▸ Task goal: Copy out exactly the lines spanning the line with "Frame Windsor Side" to the line with "An epic fantasy", inclusive, from the data underneath, with no pictures.

▸ Data for review:
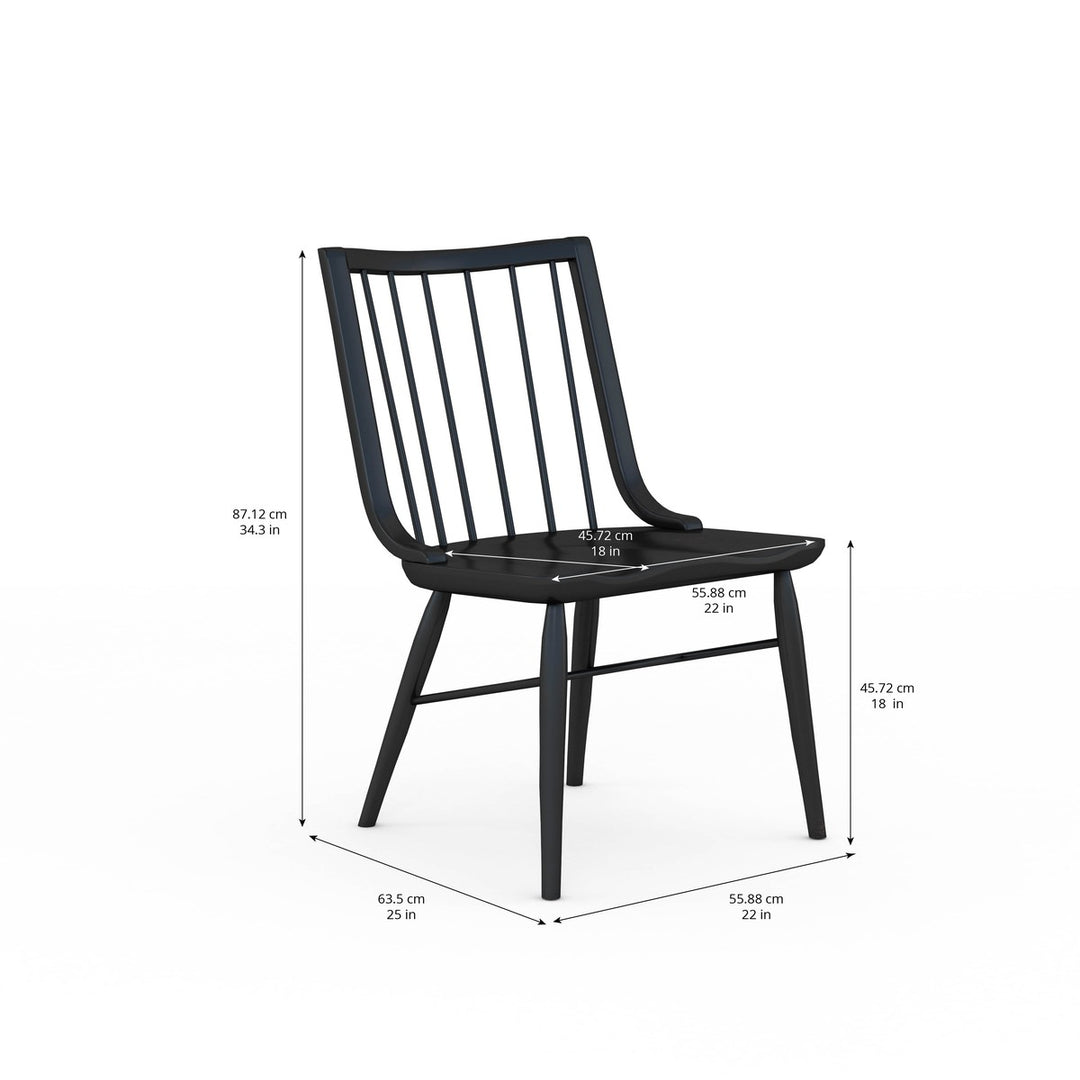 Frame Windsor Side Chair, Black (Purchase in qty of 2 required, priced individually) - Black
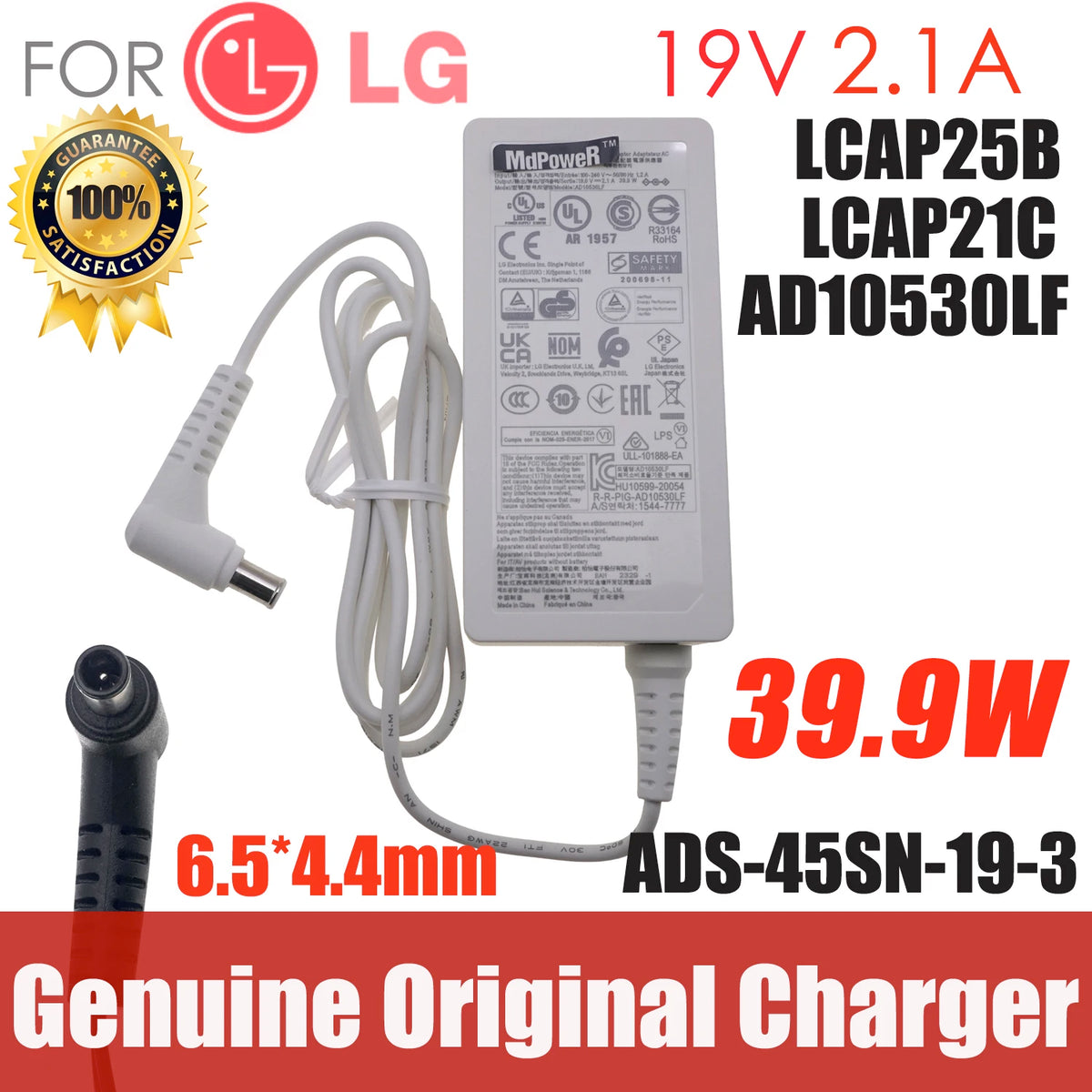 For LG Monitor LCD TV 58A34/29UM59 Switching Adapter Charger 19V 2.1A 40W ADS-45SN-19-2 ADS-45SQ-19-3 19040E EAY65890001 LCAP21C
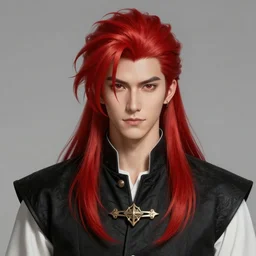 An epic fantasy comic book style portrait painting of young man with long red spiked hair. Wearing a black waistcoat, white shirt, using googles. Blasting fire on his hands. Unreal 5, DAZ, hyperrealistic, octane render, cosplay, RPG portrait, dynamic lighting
==
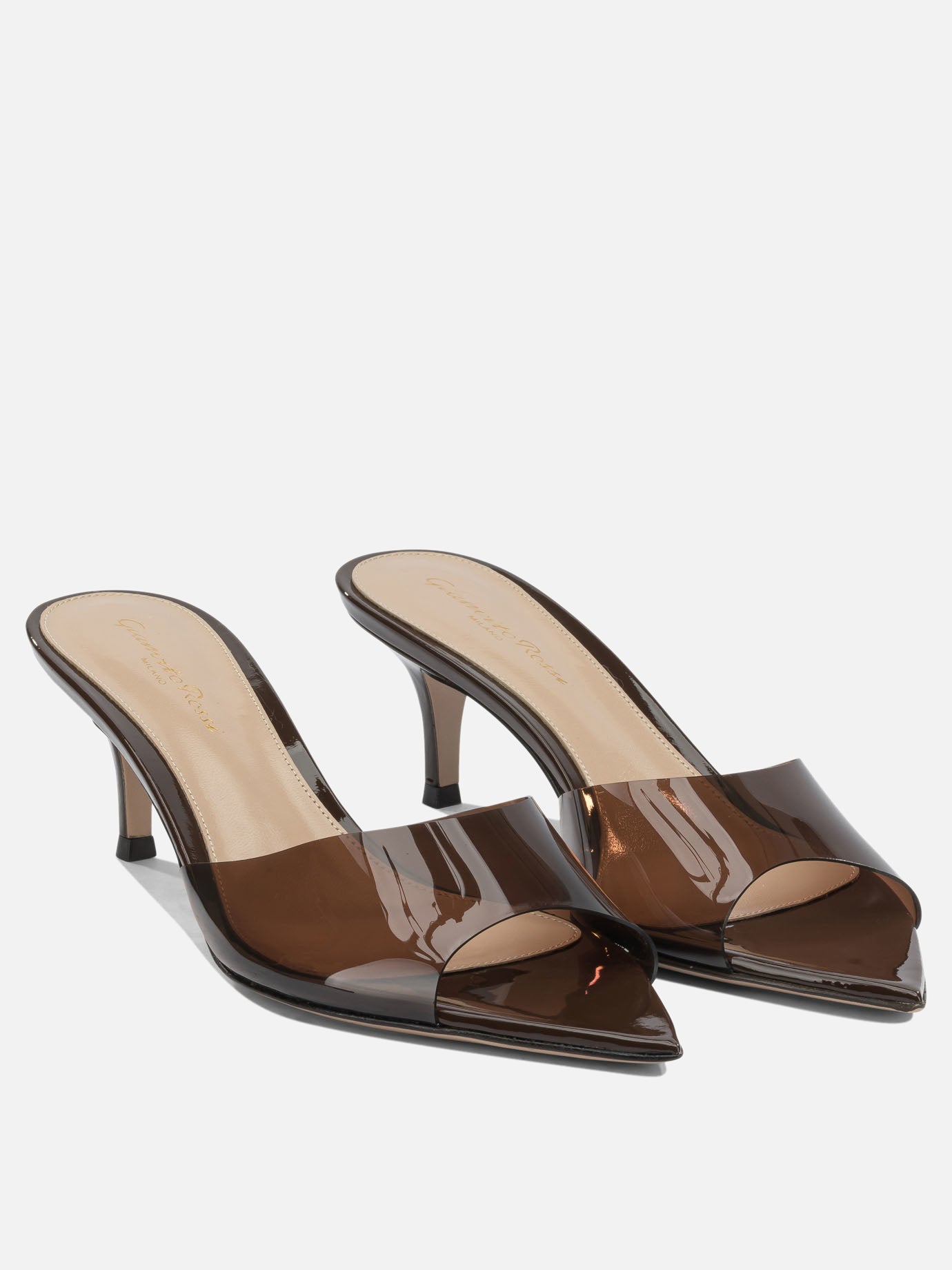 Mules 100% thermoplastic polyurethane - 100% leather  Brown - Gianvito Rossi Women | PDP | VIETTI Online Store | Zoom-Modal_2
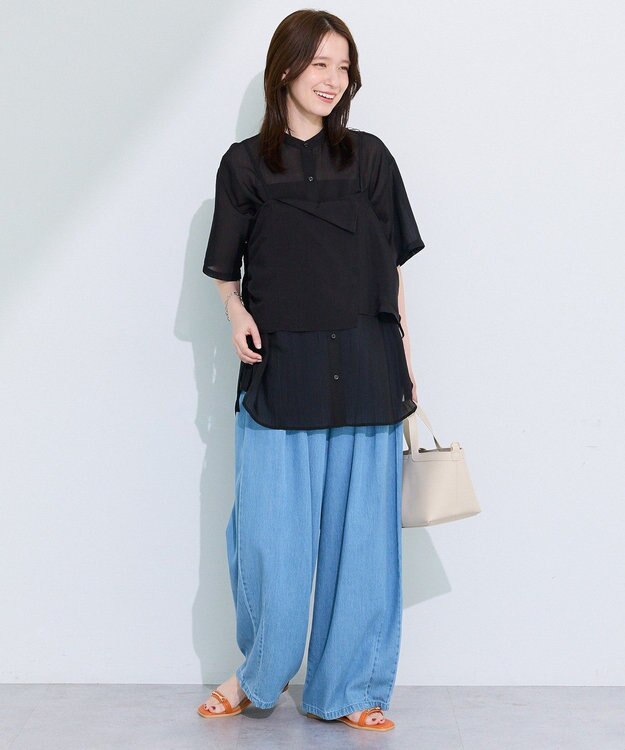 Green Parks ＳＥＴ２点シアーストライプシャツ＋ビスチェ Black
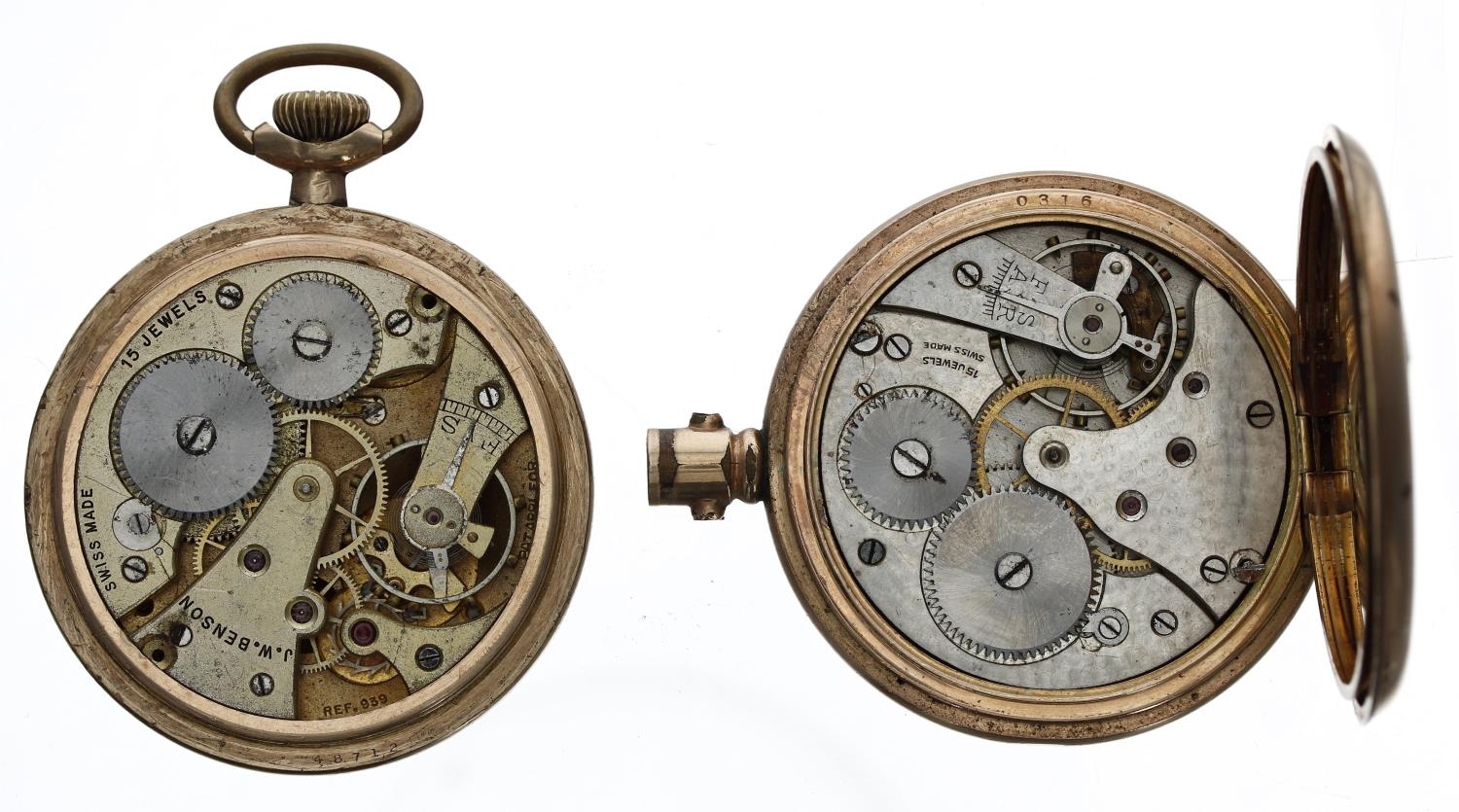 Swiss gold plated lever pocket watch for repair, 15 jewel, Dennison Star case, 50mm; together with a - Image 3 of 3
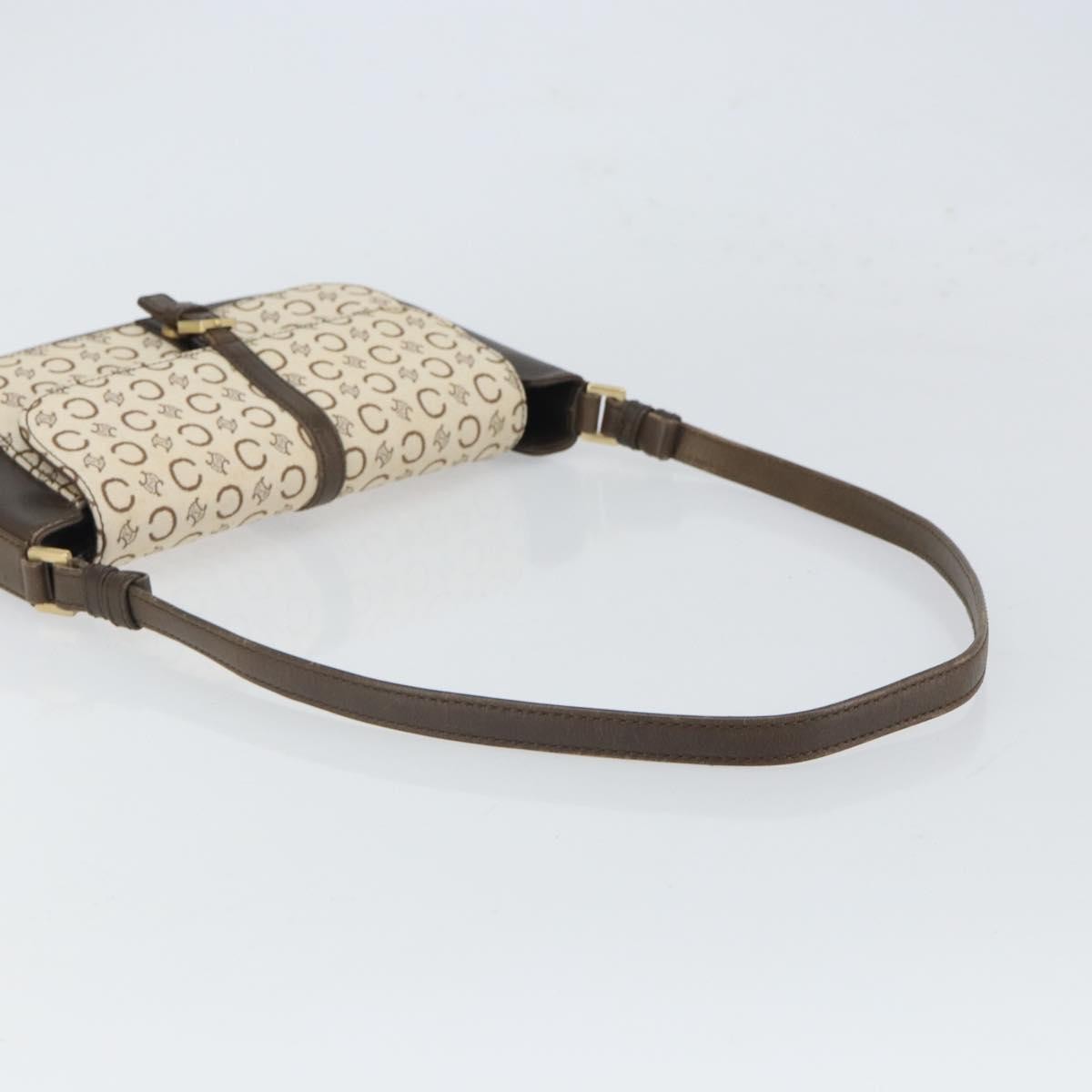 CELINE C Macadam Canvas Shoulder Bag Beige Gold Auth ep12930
* * *
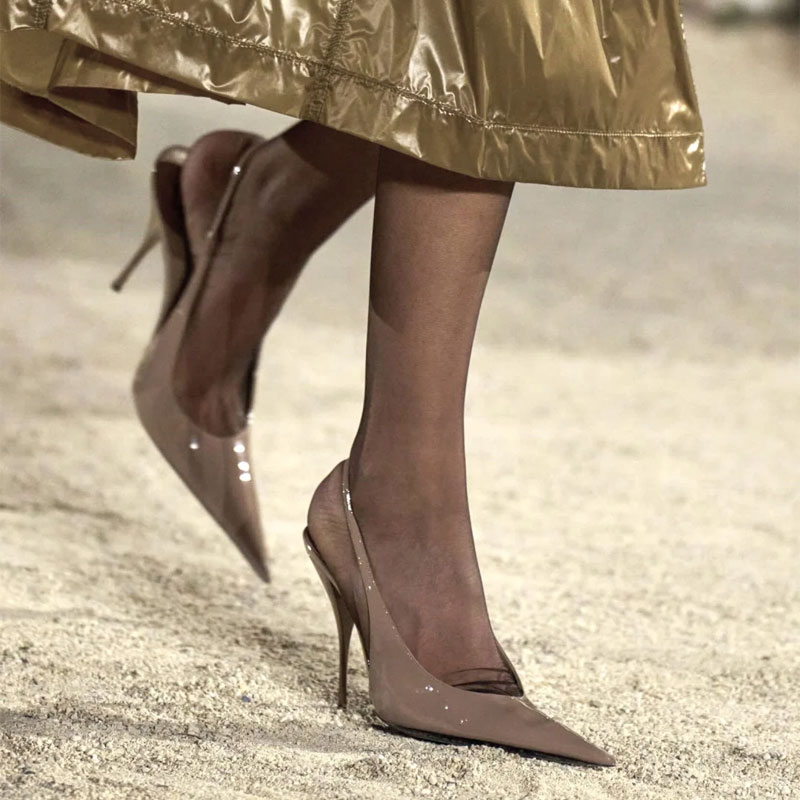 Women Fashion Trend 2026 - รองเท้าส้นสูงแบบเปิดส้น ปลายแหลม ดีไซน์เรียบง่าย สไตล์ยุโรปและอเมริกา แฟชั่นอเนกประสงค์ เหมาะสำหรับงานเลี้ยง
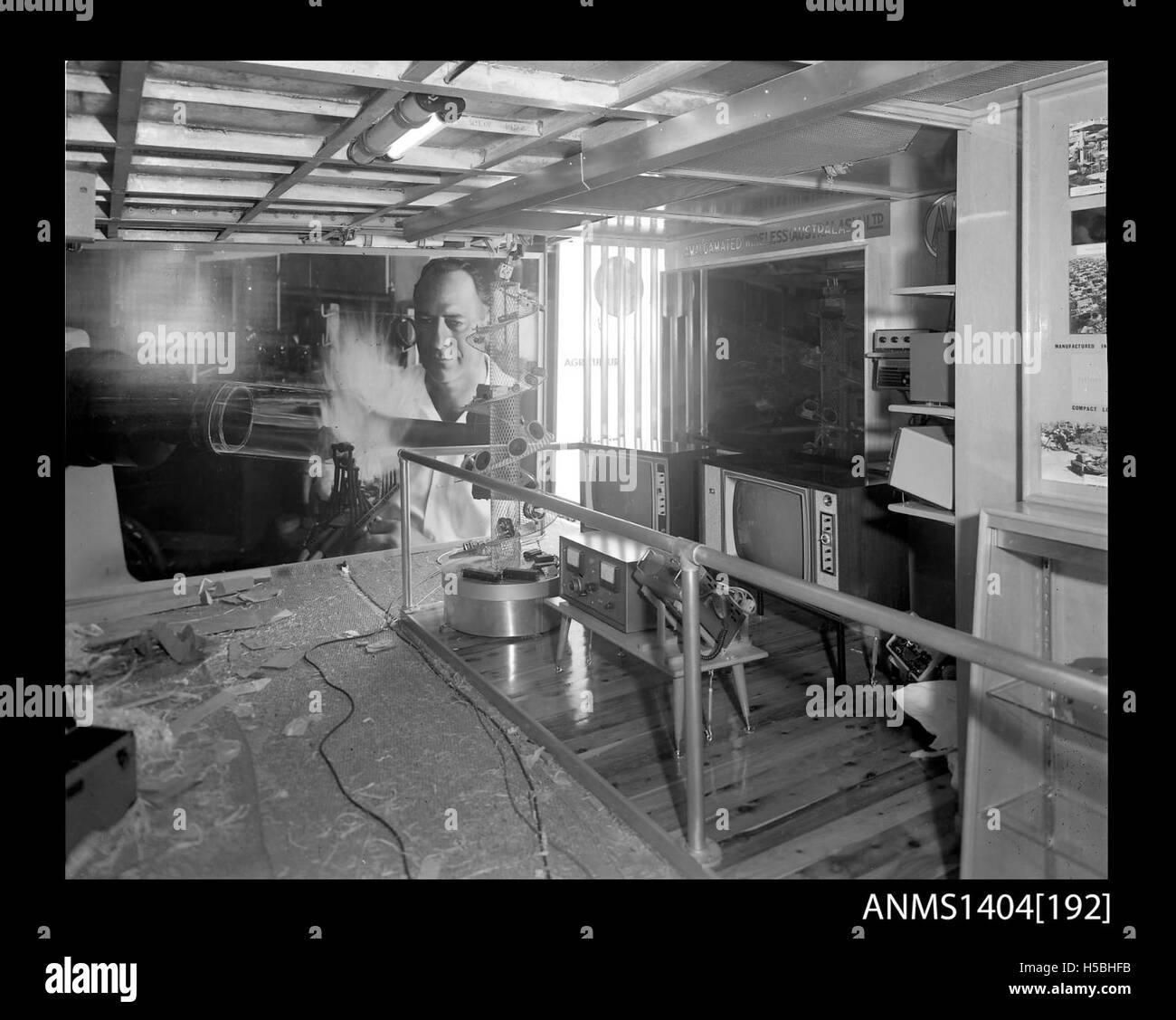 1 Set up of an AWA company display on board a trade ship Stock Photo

▸ Task answer:
 Frame Windsor Side Chair, Black (Purchase in qty of 2 required, priced individually) - Black
 For LG Monitor LCD TV 58A34/29UM59 Switching Adapter Charger 19V 2.1A 40W ADS-45SN-19-2 ADS-45SQ-19-3 19040E EAY65890001 LCAP21C
 An epic fantasy comic book style portrait painting of young man with long red spiked hair. Wearing a black waistcoat, white shirt, using googles. Blasting fire on his hands. Unreal 5, DAZ, hyperrealistic, octane render, cosplay, RPG portrait, dynamic lighting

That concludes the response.